The listing is to be returned word for word, without its images.

**RECORDED INFORMATION:**
=== Begin Enclosure ===
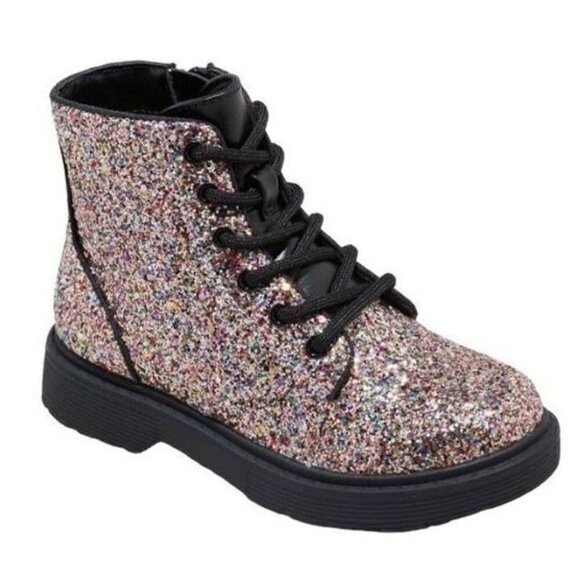 Girls' Zoe Combat Boots Multi-Color Glittered Style Zipper Lace-Up Youth Size 2 - Picture 1 of 10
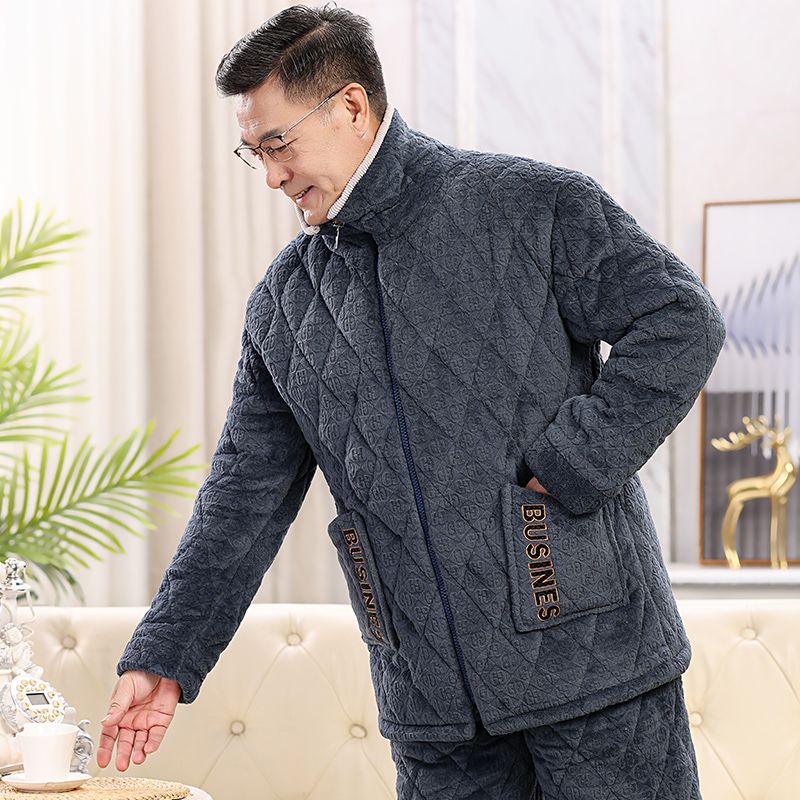 睡衣男加絨加厚寬鬆大碼寬鬆中老年保暖家居服套裝冬外穿三層夾棉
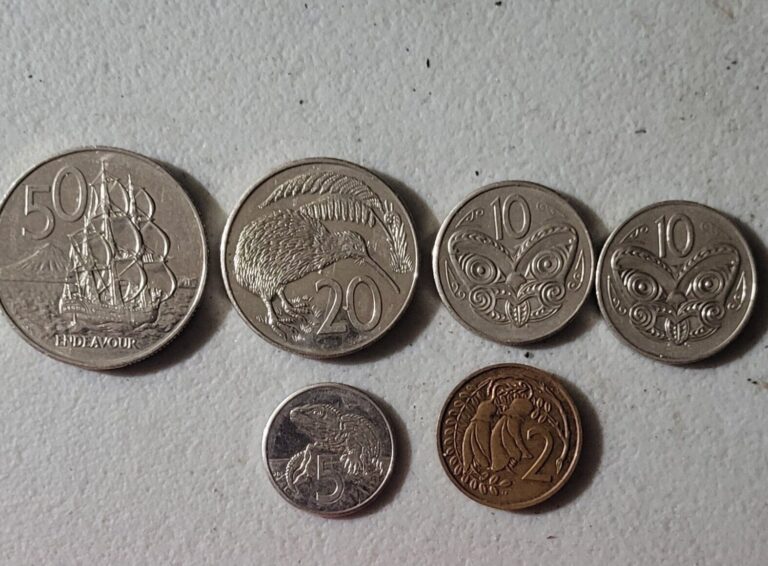 Read more about the article Set of New Zealand Coins- 50  20  10  10  5  2 Cent Coins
=== End Enclosure ===
**COMPLETED TASK:**
 Girls' Zoe Combat Boots Multi-Color Glittered Style Zipper Lace-Up Youth Size 2 - Picture 1 of 10
 睡衣男加絨加厚寬鬆大碼寬鬆中老年保暖家居服套裝冬外穿三層夾棉
 Read more about the article Set of New Zealand Coins- 50  20  10  10  5  2 Cent Coins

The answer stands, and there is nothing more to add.